Amanda teringat dengan peringatan yang diberikan oleh Damian. Sementara Daniel kini menatapnya lekat membuat Amanda kembali merasa tidak nyaman.
“Baiklah, tapi jika hanya di luar jam kerja. Kau tahu, kita rival sekarang.”
Daniel terkekeh mendengar ucapan Amanda.
“Oke, aku suka bersaing denganmu. Kau sepertinya lawan yang tangguh.”
Perlahan tapi pasti Amanda menyukai keramahan lelaki itu.
“Ayo, masuk. Sebenarnya agak membosankan mendengar ibu-ibu saling mengobrol. Tapi, mau bagaimana lagi.”
Amanda ikut tertawa mendengarnya.
Acara makan malam berjalan meriah, lebih tepatnya Soya yang lebih mendominasi percakapan. Amanda tampak risih saat Alina sesekali mencuri pandang ke arahnya.
“Silahkan dinikmati jamuannya. Tidak perlu sungkan,” ucap Alina menyodorkan sup pada Amanda.
“Ini adalah makanan kesukaanku, berhubung mama pulang. Aku meminta secara khusus. Sungguh suatu kebetulan kau datang berkunjung.” Daniel melayani Amanda.
Soya merasa senang melihatnya, tetapi tidak dengan Alina.
“Dani, kau tak boleh memberikan makanan itu untuk ibu hamil. Apalagi di masa tiga bulan pertamanya.”
Makanan kesukaan yang di maksud Daniel adalah acar nanas.
“Benarkah, oh maaf. Aku tidak tahu, Amanda.”
Alina menjauhkan piring itu dan melayani Amanda dengan setulus hati.
“Kau harus menjaga pola makanmu, juga jenis makanan yang di tawarkan oleh orang kepadamu. Trimester pertama sangat menentukan, janin biasanya rentan. Aku mendapatkan pengetahuan itu dari ibu mertuaku.”
Amanda sangat menghargai perhatian Alina.
“Terimakasih, Tante.”
“Sama-sama.”
Amanda makan dengan lahap, Daniel masih memandanginya di saksikan dengan Soya dan Alina.
Beberapa menit kemudian, makan malam berakhir dan Amanda mendapatkan beberapa petuah dari Alina sebelum wanita itu pulang.
“Jangan terlalu banyak tidur siang, itu tidak baik.”
“Aku kerja kok, Tan.
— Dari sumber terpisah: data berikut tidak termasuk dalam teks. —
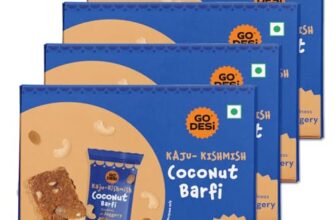 Go Desi – Kaju Kishmish Coconut Barfi | Dry Fruits Sweet | Cashew & Raisin Bar | Indian Mithai | Sweets Gift Pack | No Added Sugar | Pack Of 8 Pcs X 4 | 12 Grams Each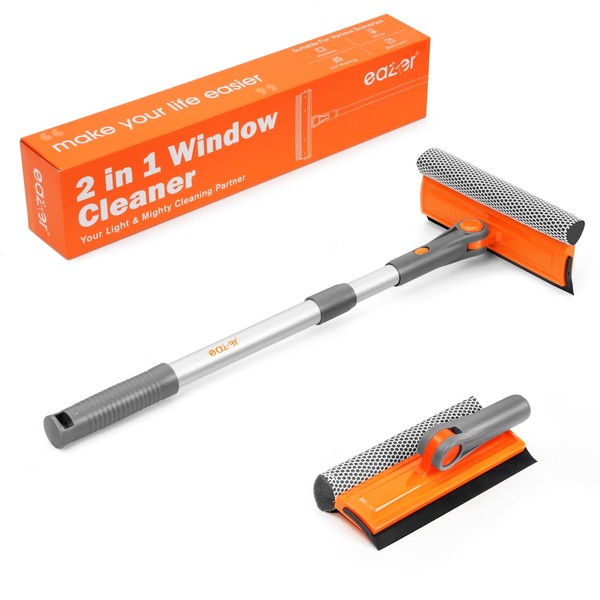 Eazer Window Cleaning Squeegee Kit, 2-in-1 Rotatable Squeegee for Window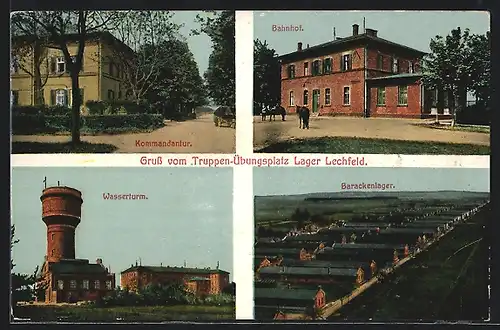AK Lager Lechfeld, Bahnhof, Kommandantur, Wasserturm, Barackenlager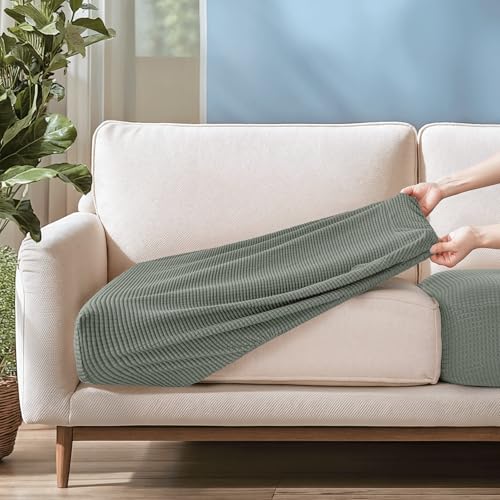 Image of CHUN YI Stretch Loveseat Couch Cushion Cover Suitable for 2 Settee, Sofa Seat Slipcover with Spandex Jacquard Fabric(Medium,Dove Grey)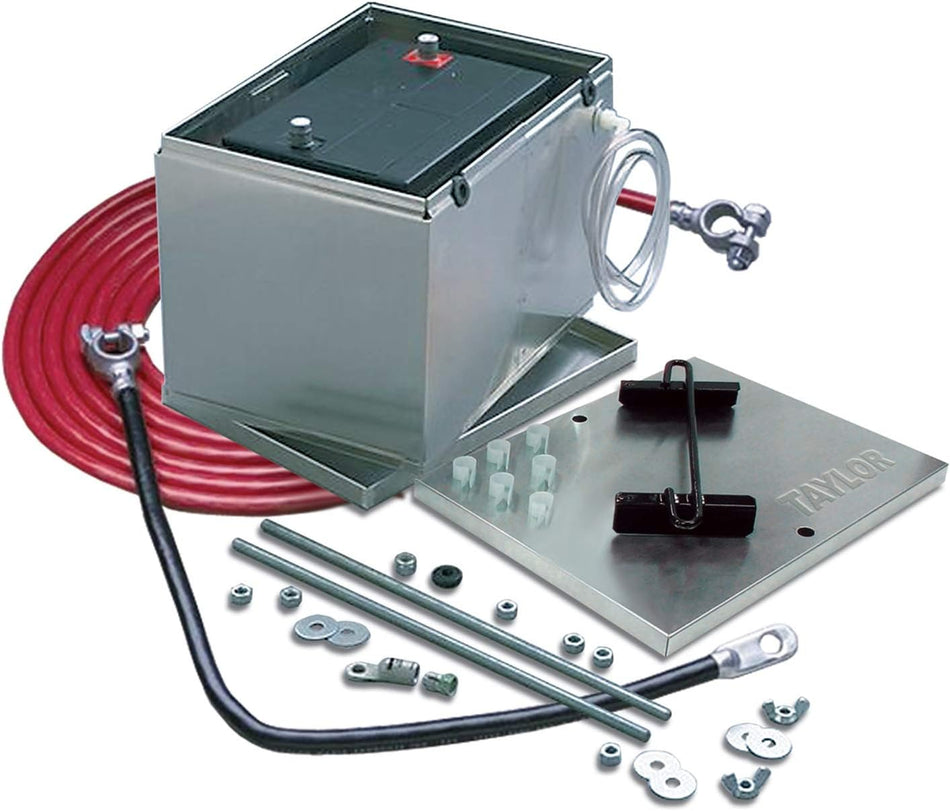 Taylor Cable 48101 Aluminum Battery Box with 16-Ft 2-Gauge Battery Cable Kit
Jadi nggak sempet tidur siang.”
“Wah, kalau begitu kau tak boleh kelelahan.”
Soya merasa bangga telah mengajak Amanda, terbukti karena Alina terus mengajak putrinya mengobrol.
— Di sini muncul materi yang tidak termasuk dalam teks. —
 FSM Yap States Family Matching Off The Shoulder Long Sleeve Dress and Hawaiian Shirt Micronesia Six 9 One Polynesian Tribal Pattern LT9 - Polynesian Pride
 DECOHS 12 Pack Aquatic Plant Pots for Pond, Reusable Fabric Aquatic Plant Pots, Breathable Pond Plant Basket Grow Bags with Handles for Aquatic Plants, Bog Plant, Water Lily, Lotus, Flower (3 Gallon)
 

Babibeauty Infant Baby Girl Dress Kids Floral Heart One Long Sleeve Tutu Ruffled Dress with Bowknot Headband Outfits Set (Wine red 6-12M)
“Jeng, kami pulang dulu. Kapan-kapan kami pasti main kesini lagi.”
“Ya, hati-hati.”
Amanda menyalami Alina dan memasuki mobil. Soya tak hentinya tersenyum. Bagaimana tidak semua berjalan sesuai dengan rencana.
**
Waktu berlalu dengan cepat, setelah acara makan malam saat itu. Soya bersikap manis dengan menyediakan makanan untuk putrinya.
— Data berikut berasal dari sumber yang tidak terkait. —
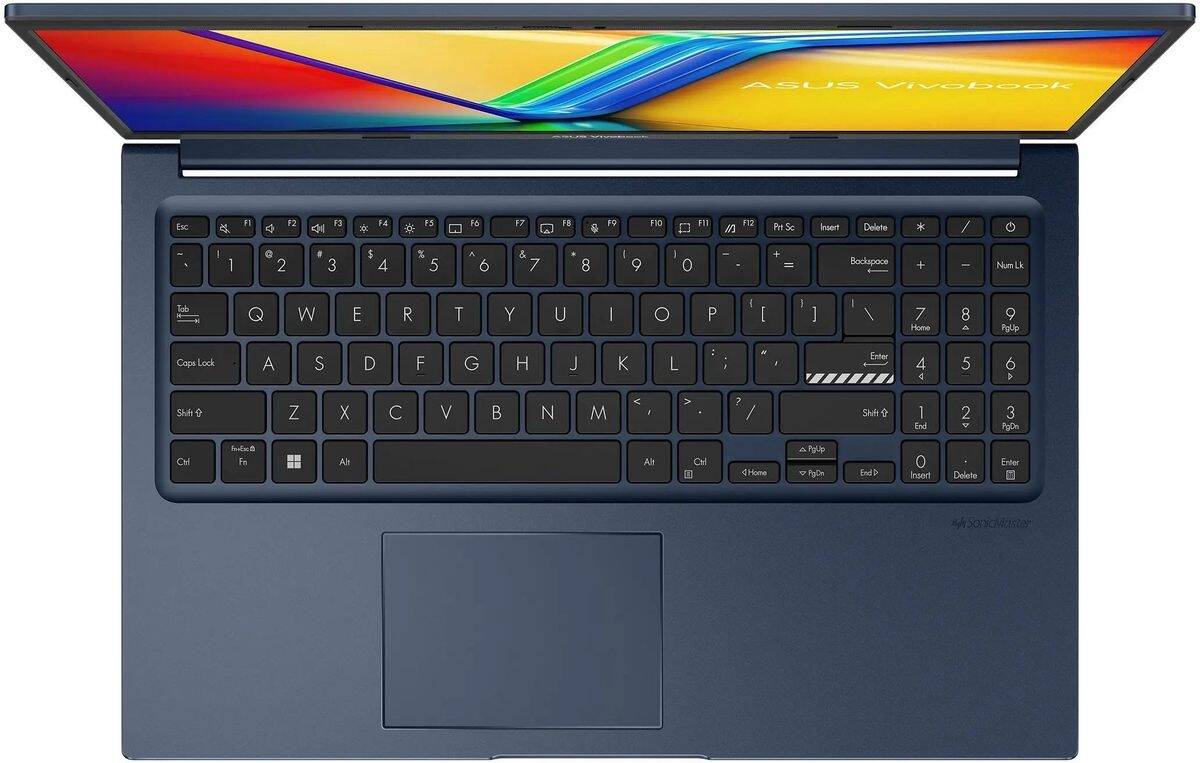 ASUS Vivobook 15 X1504VA Laptop, 15.6" FHD IPS Display, Intel Core i3-1315U Processor, 4GB RAM, 512GB SSD, Intel UHD Graphics, English US Keyboard, No OS, Quiet Blue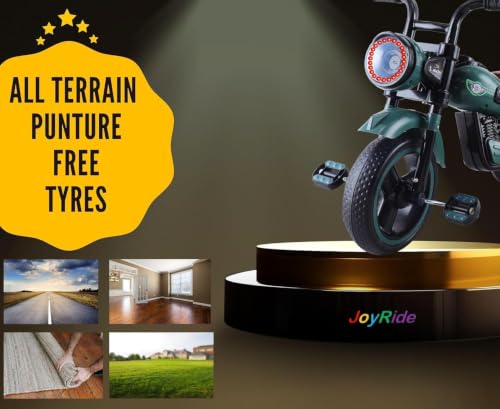 Image of JoyRide Ninja Plug N Play Durable Kids /Pedal Baby Tricycle, Storage Basket, Leather Seat, Led Headlight, Music for 18 Months to 5 Years Boys /Girls /Carrying Capacity Upto 30 Kgs (militry)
Sikapnya yang tak biasa membuat suami dan Amanda sendiri merasa heran.
“Selamat pagi, mama sudah buatkan sarapan yang bergizi untukmu. Ayo, sarapan dulu sebelum berangkat ke kantor.”
Rama dan putrinya saling berpandangan, masalahnya mereka tak memakai jasa asisten rumah tangga dan sudah jelas bahwa Soya tak bisa memasak.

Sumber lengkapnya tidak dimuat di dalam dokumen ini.